The array is sorted.
The algorithm should be recursive and runs in O(n).
The recursive step should be based on the sum, meaning the method passes the sum and return true or false depending on the end result (if two elements are found - return true, else - return false)
Only linear data structures can be used.
Any ideas are appreciated..
You can convert any iterative algorithm into a recursive one by using (for instance) tail recursion. I'd be more expansive, if it weren't homework.
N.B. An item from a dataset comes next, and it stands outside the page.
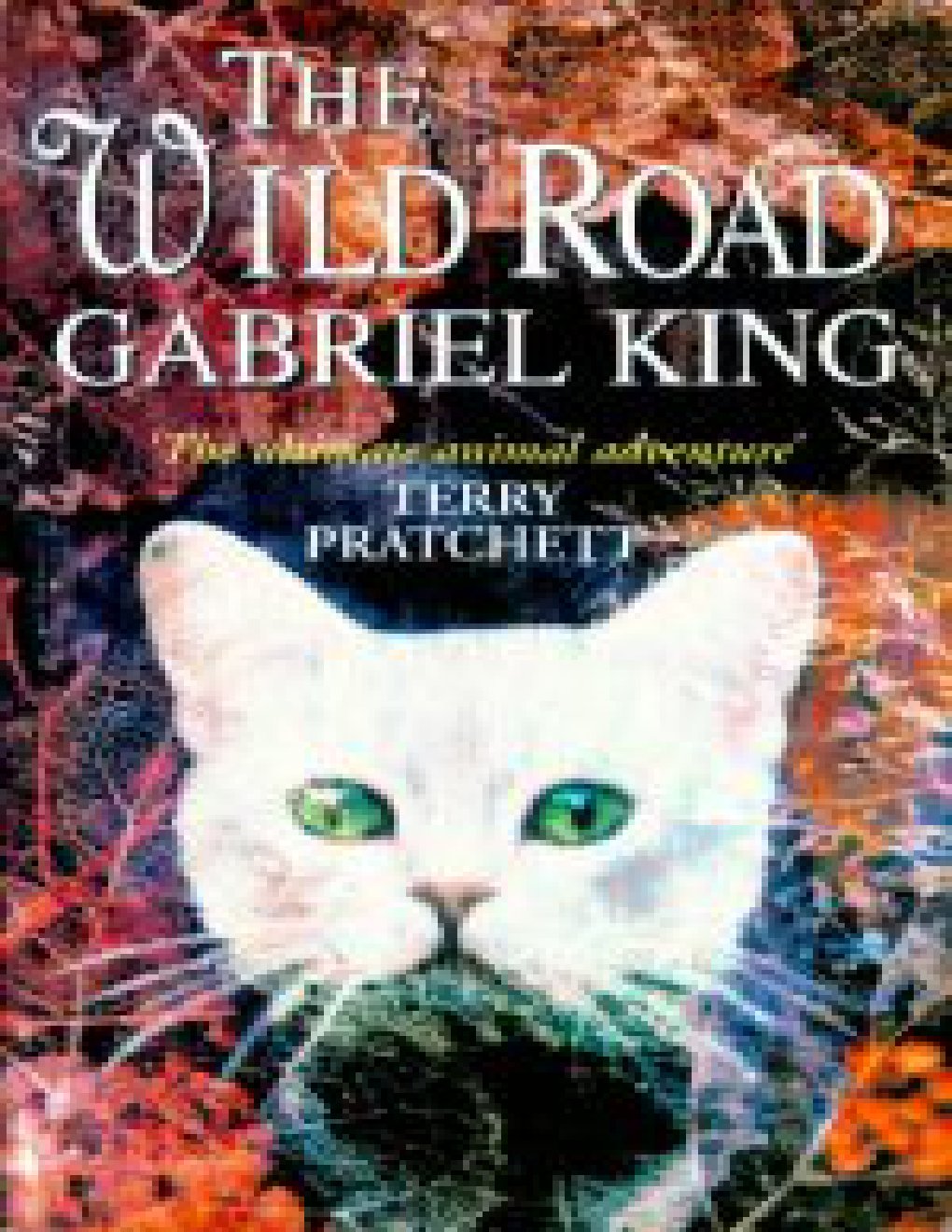 Cover of Gabriel King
I think you'll understand it from the other post.
Normally I'd use a Map, but since one of the requirements is to use a linear data structure, I think that's excluded, so I'd go about using a boolean array.
public boolean hasSum( int[] numbers, int target )
{
boolean[] hits = new boolean[ target + 1 ];
return hasSumRecursive( 0, numbers, target, hits );
}
public boolean hasSumRecursive( int index, int[] numbers, int target, boolean[] hits )
{
...
}
Hopefully this is a good enough hint.
I think hash is ok, for example, 1,3,7,9,12,14,33...
if we want sum=21, we hash the numbers into a hash table, So, O(n).
we iterator them, when we get 7, we let 21-7=14, so we hash 14, we can find it. so 7+14=21,
we got it!
Here is a solution witch takes into account duplicate entries. It is written in javascript and assumes array is sorted. The solution runs in O(n) time and does not use any extra memory aside from variable.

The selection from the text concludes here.